GMR Senior Counsel Jehovenn “Jev” Honculada led the team in winning summary judgment on a dog bite claim representing the owners. The plaintiff was bitten by his clients’ pit bull while delivering a mail package on the defendants’ doorstep. Jev moved for summary judgment, arguing that the defendants’ dog did not have vicious propensities. He presented defendants’ deposition testimonies saying that they kept their dog as a pet for their children to play with, not as a guard dog. He also argued that their dog had no prior incidents involving their neighbors, delivery person, or anyone else. We argued that the plaintiff could not meet its burden to show that the defendants’ dog had vicious propensities.
In opposing our motion, the plaintiff’s counsel argued that the dog had vicious propensities and that the defendants knew or should have known it. The plaintiff’s counsel cited the plaintiff’s deposition testimony that he arrived at the defendants’ front door, rang the doorbell, and put the mail package down. The defendant opened the door with the dog beside her. When the plaintiff looked up, he saw the big dog and thought the dog would sniff him. He put his left hand to the dog, and the dog bit it, and he pushed the dog with his left hand and put his right hand to the dog, and the dog bit his right hand. Plaintiff’s counsel argued that based on Mr. Weaver’s testimony of the incident, there was an issue of fact to be determined at the time of trial about the dog’s vicious propensities.
In reply to the plaintiff’s counsel’s argument, we argued that the plaintiff’s act of putting his hands in front of the dog’s face might have been construed by the dog as an aggressive act by Mr. Weaver towards the dog or the dog’s master who was next to the dog. We also noted in our reply papers that after this incident, the town’s animal control office was informed and inspected the dog and did not cite the defendants for any violation.

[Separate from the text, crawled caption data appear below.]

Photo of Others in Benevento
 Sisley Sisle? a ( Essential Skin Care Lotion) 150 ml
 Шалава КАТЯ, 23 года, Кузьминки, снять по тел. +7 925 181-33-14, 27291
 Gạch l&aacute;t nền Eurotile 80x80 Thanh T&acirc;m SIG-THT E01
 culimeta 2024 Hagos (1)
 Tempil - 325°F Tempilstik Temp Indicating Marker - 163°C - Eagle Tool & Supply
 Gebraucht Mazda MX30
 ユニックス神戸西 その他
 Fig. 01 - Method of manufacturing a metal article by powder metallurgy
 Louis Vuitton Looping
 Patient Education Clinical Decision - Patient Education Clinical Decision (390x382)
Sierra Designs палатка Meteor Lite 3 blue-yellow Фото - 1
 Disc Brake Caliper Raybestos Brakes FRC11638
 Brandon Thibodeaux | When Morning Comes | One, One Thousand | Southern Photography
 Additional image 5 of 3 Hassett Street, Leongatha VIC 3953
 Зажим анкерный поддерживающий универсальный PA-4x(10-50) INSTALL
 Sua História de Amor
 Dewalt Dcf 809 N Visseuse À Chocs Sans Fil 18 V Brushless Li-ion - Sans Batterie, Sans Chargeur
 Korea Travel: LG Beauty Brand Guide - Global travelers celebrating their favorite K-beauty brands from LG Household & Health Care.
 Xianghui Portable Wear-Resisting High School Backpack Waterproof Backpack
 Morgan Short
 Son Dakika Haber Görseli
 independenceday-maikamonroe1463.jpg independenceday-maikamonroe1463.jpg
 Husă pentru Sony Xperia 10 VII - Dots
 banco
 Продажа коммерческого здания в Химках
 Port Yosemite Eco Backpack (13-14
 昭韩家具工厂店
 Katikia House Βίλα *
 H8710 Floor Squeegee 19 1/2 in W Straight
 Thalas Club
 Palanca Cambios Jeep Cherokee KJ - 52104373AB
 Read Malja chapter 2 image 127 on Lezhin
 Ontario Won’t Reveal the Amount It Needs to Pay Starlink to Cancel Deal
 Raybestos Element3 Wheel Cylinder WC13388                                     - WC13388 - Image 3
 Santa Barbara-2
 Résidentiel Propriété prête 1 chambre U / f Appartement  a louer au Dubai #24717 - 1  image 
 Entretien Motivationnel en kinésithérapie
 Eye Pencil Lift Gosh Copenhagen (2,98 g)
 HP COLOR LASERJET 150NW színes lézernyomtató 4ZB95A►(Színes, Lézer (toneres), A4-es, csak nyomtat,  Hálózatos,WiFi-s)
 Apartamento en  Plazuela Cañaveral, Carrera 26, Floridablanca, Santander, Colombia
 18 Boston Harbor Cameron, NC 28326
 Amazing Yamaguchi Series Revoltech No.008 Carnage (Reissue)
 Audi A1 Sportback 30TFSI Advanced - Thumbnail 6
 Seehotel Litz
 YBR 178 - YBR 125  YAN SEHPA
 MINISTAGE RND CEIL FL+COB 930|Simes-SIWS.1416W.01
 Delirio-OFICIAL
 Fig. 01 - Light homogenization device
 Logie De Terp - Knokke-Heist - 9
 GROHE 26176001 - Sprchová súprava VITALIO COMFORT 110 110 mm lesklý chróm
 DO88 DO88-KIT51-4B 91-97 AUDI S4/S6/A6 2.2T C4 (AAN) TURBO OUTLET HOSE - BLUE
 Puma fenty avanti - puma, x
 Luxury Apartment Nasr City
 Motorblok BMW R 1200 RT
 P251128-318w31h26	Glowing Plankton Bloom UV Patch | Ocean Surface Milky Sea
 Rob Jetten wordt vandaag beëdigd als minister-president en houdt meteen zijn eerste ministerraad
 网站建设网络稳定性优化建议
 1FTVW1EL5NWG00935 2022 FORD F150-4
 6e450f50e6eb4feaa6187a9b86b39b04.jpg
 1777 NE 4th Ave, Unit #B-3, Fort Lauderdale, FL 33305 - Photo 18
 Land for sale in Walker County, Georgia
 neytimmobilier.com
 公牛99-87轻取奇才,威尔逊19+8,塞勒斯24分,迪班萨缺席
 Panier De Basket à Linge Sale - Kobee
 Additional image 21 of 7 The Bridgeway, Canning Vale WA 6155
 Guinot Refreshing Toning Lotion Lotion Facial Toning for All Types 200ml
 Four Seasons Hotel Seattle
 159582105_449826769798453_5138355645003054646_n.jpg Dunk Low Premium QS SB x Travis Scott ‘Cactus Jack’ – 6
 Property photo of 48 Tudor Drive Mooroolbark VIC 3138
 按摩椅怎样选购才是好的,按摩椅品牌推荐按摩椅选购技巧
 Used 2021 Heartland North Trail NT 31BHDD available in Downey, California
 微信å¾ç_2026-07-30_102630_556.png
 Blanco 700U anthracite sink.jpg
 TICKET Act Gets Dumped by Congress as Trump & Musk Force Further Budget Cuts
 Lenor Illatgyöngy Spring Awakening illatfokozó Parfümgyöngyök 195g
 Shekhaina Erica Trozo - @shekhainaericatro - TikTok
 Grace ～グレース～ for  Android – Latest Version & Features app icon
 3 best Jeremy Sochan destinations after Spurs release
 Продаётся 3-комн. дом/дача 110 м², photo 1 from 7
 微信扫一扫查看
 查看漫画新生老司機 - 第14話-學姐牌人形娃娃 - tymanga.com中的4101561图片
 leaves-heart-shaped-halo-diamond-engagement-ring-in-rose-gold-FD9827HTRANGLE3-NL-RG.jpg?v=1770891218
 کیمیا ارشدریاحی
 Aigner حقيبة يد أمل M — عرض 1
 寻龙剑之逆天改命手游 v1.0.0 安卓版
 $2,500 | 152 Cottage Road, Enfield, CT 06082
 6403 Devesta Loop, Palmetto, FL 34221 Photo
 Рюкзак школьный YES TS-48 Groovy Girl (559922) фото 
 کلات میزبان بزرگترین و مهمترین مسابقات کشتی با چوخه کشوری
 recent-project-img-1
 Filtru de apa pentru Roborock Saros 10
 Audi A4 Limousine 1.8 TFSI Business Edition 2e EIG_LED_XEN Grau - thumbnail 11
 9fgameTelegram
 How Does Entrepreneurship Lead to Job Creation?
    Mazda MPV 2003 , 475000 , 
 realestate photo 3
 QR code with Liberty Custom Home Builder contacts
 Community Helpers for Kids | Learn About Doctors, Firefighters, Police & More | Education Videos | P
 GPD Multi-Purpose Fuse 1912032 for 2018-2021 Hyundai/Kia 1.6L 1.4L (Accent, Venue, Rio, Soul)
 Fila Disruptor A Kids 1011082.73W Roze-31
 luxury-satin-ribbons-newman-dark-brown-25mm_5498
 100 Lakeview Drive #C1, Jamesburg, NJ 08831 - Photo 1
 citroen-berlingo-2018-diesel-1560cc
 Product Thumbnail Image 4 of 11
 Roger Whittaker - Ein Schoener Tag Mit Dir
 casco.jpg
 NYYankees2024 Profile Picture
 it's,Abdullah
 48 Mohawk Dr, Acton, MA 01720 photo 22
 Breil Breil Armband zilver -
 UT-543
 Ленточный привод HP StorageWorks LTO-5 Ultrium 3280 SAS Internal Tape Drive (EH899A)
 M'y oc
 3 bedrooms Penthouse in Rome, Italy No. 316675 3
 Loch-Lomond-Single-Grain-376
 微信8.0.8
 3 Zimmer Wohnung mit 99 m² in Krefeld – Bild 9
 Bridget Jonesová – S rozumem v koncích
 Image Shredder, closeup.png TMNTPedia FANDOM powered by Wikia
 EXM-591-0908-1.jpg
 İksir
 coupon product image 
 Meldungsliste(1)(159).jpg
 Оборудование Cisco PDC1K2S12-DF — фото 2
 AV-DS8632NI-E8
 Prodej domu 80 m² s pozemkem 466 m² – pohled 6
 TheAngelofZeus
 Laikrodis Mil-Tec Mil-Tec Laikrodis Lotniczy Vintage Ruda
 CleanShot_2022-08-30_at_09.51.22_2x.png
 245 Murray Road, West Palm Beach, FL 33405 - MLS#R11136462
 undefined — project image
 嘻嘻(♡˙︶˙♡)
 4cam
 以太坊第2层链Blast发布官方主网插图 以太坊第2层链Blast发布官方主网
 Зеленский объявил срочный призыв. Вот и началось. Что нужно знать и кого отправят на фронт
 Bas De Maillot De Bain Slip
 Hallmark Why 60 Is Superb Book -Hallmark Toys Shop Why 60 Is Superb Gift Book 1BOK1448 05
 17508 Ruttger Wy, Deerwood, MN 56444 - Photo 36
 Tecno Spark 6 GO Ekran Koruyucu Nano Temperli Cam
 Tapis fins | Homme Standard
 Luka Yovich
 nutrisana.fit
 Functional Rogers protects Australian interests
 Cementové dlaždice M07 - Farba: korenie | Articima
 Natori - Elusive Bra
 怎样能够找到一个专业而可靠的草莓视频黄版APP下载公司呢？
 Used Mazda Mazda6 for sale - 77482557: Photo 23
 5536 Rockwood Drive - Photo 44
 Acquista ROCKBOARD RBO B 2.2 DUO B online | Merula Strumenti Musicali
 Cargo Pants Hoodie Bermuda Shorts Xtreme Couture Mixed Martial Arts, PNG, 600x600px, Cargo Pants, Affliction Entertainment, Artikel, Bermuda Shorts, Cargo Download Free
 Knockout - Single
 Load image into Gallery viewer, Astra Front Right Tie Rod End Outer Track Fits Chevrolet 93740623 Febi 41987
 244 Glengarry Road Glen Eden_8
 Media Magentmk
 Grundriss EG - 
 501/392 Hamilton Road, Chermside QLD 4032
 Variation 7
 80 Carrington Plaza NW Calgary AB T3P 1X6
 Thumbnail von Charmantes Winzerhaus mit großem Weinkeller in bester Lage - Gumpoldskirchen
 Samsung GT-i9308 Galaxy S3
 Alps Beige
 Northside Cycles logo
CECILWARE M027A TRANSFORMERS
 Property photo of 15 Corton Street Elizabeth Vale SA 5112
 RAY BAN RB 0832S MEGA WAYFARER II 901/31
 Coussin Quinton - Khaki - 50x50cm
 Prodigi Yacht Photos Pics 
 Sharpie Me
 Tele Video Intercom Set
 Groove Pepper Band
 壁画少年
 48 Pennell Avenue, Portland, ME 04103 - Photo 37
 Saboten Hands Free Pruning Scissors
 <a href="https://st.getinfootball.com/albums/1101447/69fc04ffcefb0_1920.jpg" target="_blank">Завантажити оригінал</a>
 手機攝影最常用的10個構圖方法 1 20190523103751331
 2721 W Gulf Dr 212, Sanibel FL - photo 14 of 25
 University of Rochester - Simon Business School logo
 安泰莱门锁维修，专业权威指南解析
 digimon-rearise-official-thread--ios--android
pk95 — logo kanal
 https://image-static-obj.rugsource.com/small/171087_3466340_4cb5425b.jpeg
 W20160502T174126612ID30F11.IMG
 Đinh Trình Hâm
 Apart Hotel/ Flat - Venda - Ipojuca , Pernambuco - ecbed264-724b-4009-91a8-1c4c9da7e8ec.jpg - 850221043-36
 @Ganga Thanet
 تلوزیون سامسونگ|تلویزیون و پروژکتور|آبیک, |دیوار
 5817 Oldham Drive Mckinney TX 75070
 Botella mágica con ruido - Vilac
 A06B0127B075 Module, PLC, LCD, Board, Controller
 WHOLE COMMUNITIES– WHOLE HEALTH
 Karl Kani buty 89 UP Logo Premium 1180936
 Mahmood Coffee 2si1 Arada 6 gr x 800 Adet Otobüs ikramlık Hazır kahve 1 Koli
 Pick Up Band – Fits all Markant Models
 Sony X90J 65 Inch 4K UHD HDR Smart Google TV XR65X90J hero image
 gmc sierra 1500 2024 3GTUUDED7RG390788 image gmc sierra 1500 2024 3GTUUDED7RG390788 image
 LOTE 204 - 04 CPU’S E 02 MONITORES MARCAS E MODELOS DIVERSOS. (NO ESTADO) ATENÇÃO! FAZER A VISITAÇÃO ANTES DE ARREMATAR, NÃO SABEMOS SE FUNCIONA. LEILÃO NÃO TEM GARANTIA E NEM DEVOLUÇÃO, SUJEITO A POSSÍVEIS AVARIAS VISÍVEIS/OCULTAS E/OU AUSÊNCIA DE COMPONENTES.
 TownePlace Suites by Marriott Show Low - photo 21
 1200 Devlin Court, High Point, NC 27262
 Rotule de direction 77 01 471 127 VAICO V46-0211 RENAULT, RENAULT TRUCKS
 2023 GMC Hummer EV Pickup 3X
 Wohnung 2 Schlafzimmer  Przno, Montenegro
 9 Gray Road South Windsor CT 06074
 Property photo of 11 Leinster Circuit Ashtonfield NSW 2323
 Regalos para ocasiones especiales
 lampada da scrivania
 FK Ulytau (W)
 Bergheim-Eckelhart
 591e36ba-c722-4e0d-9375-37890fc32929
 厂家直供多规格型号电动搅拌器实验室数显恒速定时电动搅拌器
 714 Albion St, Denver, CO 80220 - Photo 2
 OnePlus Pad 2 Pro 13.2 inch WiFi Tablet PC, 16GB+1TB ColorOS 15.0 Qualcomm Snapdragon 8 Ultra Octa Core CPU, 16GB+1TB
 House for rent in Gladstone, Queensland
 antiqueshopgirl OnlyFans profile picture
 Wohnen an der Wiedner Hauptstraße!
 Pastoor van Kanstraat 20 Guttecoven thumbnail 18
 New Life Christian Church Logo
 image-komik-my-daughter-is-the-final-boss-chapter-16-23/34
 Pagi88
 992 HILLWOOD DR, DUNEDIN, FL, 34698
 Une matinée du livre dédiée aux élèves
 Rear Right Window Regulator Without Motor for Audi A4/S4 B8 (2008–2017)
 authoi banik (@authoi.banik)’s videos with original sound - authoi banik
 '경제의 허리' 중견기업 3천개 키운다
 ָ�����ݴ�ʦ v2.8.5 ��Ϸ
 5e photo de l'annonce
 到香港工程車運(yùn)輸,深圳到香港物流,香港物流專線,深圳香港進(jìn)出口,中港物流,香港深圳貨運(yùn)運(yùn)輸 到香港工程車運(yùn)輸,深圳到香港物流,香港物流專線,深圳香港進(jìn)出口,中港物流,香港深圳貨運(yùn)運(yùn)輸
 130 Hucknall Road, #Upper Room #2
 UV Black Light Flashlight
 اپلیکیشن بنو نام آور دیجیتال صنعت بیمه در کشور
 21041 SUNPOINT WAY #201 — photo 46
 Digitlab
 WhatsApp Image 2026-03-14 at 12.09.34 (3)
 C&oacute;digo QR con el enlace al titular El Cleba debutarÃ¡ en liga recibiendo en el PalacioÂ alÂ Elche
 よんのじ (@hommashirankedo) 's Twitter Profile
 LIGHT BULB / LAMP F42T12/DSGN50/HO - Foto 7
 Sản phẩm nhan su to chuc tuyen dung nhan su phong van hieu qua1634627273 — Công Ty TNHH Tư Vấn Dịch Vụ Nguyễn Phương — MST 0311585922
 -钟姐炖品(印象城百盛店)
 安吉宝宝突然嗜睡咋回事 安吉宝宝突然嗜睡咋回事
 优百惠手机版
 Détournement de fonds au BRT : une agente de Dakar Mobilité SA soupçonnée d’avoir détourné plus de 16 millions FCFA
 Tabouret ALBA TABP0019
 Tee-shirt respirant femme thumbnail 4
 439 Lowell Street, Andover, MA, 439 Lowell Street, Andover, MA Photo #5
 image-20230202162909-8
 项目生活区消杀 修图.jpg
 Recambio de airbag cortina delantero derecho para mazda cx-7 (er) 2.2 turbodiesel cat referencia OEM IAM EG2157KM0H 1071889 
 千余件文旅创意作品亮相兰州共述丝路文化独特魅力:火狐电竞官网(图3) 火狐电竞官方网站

In the case at bar, Judge David J. Squirrell cited several case laws enumerating examples indicating the vicious propensities of a dog, such as prior attacks, growling or snapping or baring its teeth at strangers, the way the dog was restrained and a proclivity to act in a way that puts others at risk of harm. In granting our summary judgment motion and dismissing the case, J. Squirrell held that the plaintiff’s counsel failed to raise a triable issue of fact.